Ray Rezaie

Ph.D., Boston University (Molecular Biology)

Department: Biology

Academic Rank: Professor

Phone: 314-977-9240 Fax: 314-977-9205


Lab Web Page Link(s):


Primary Area of Cardiovascular Research Interest


Related Areas of Cardiovascular Research Interest

-Coagulation proteases and endothelial receptors structure-function

Summary of Cardiovascular Research Interest

Proteases of the coagulation cascade are a series of structurally similar trypsin-like enzymes which normally exist in the circulatory system as inactive precursors and are only activated when the integrity of the blood vessel is compromised. The cascade is initiated when a natural cell surface membrane protein called tissue factor, which is not normally found in the circulatory system, becomes available for interaction with factor VII. The factor VII-tissue factor complex activates itself and two other factors, IX and X, to their functional active forms (IXa and Xa). Factor Xa in the presence of its specific cofactor, factor Va, activates prothrombin to thrombin. Thrombin then cleaves fibrinogen to form a blood clot.

For maintenance of normal hemostasis, thrombin generation must be regulated and the activities of the coagulant enzymes following clot formation must be neutralized and subsequently removed from circulation in order to assure that they will not generate unnecessary blood clots that would occlude the vessels. Two pathways are known to regulate the coagulation cascade. The first pathway, called protein C pathway is initiated when thrombin binds to a cell surface membrane protein called thrombomodulin (TM), present on the surface of the endothelial cells that line blood vessels. Thrombin in complex with TM no longer clots fibrinogen, but instead converts protein C to activated protein C (APC). APC is a potent anticoagulant. It shuts down thrombin generation by degrading the cofactors Va and VIIIa, which are essential for thrombin generation.

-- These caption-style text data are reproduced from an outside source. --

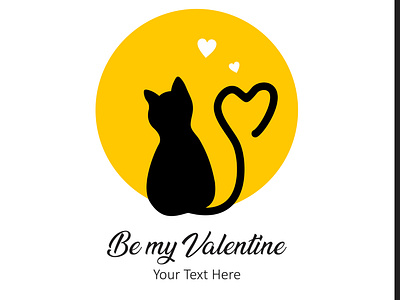 Cute black cat valentine day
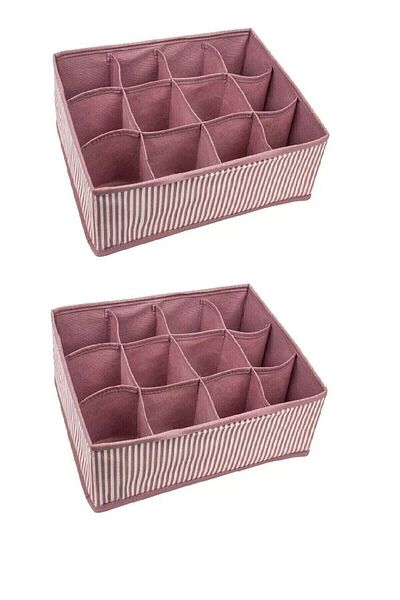 ESTİ 2 Τεμάχια 12 Διαμερισμάτων Organizer Συρτάρι Organizer Ροζ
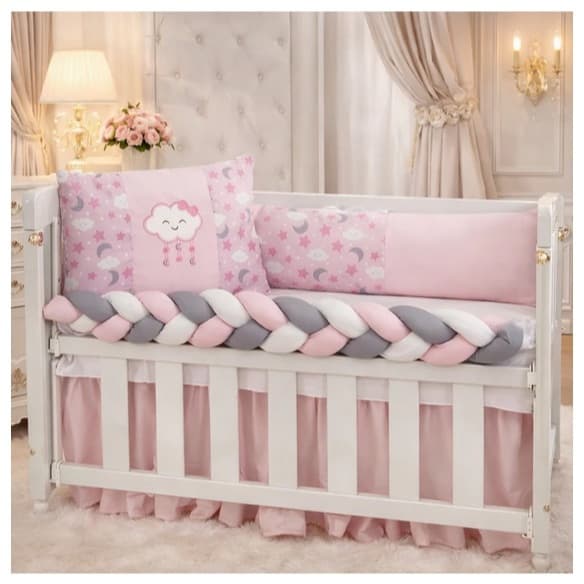 Kit Mini Berço 6 Peças com Trança e Mosquiteiro Várias Estampas Aconchegantes para Bebê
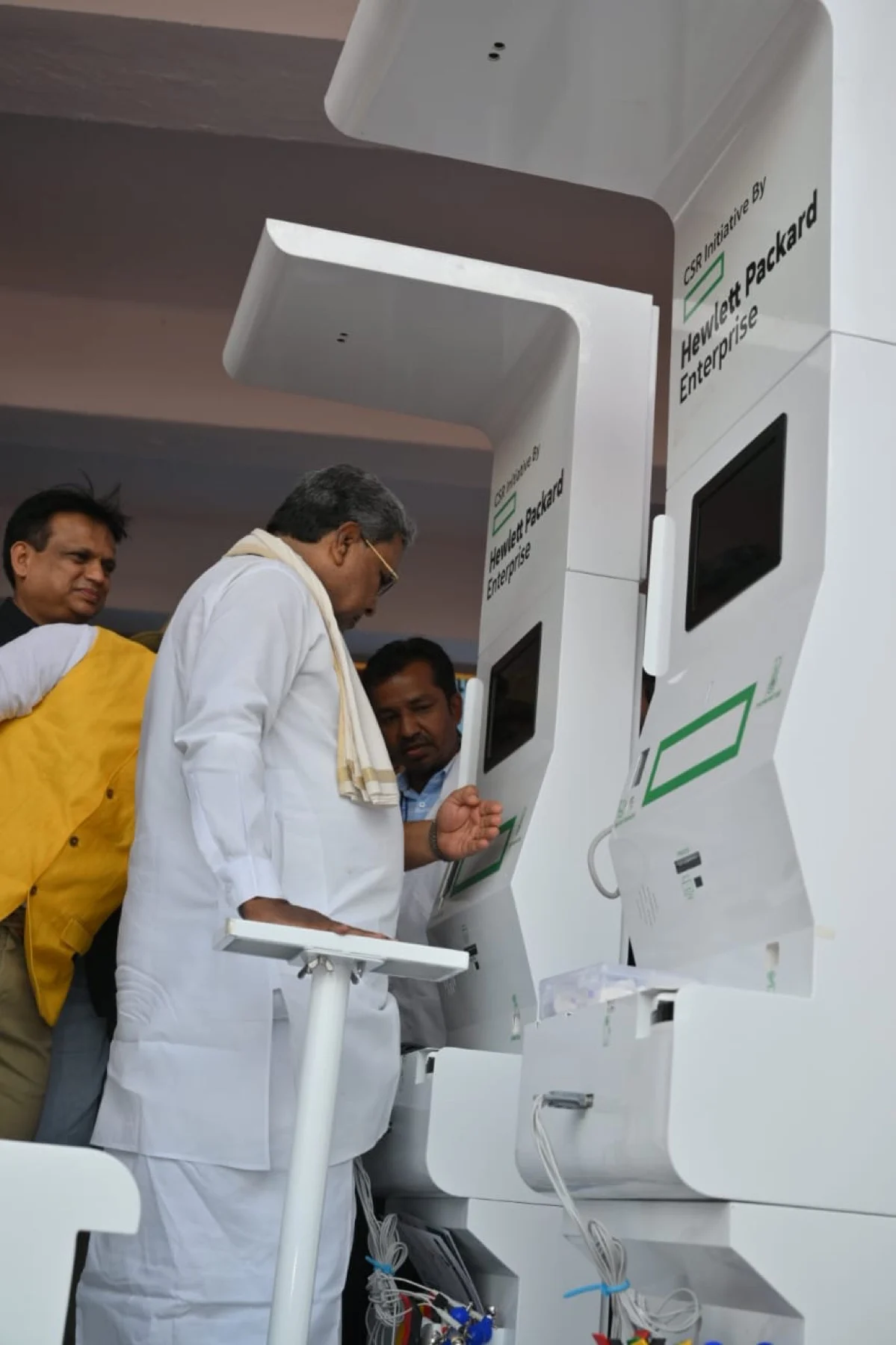 Health kiosk deployment in Karnataka, a Hewlett Packard Enterprise CSR initiative for community screening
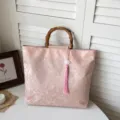 Rosenfarbene Damen Tragetasche im neuen chinesischen Stil mit Bambusgriff und Quasten Anhänger - Mit Anhänger / Rosa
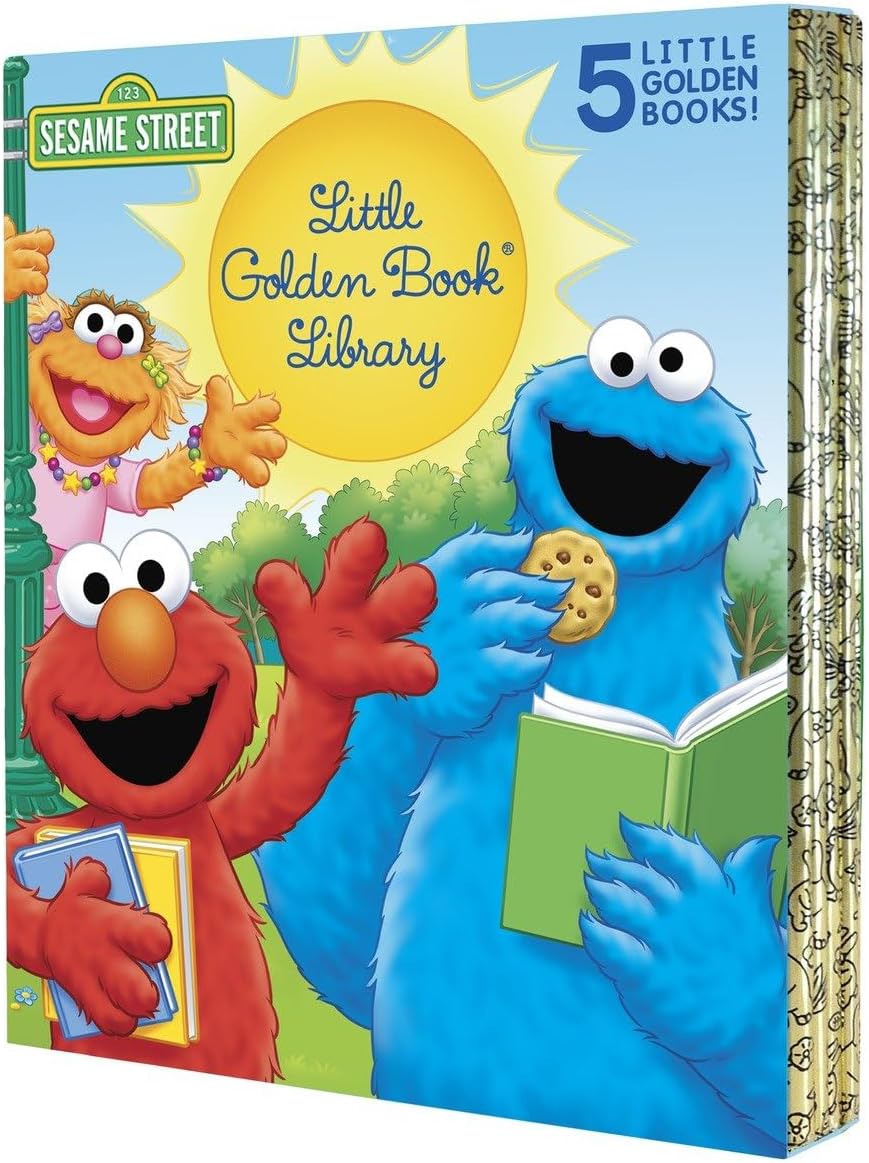 Sesame Street Little Golden Book Library 5-Book Boxed Set: My Name Is Elmo; Elmo Loves You; Elmo's Tricky Tongue Twisters; The Monster on the Bus; The Monster at the End of This Book Hardcover – Picture Book, September 12, 2017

In the second pathway, protease inhibitors present in plasma regulate the proteolytic function of the coagulation proteases by directly binding to the active center of the enzymes and trapping them in the form of inactive complexes. A deficiency in the components of either pathway is associated with increased risk of thrombosis with possible severe consequences including heart attacks, strokes and pulmonary emboli. Antithrombin is a serine protease inhibitor that is known to be the primary regulator of the clotting cascade in the second pathway. Its inhibitory activity is greatly enhanced when it binds to the heparin-like molecules present on the vessel wall. This is the basis for the widespread use of heparin, as the primary anticoagulant drug in the treatment of thrombotic complications. Our research is focused on understanding how factor Xa, thrombin and APC specifically interact with their target cofactors, substrates and inhibitors; and how heparin enhances the inhibitory function of antithrombin in regulation of the proteolytic activities of two key clotting enzymes, factor Xa and thrombin. We employ biophysical, biochemical and molecular biological methods to study these questions.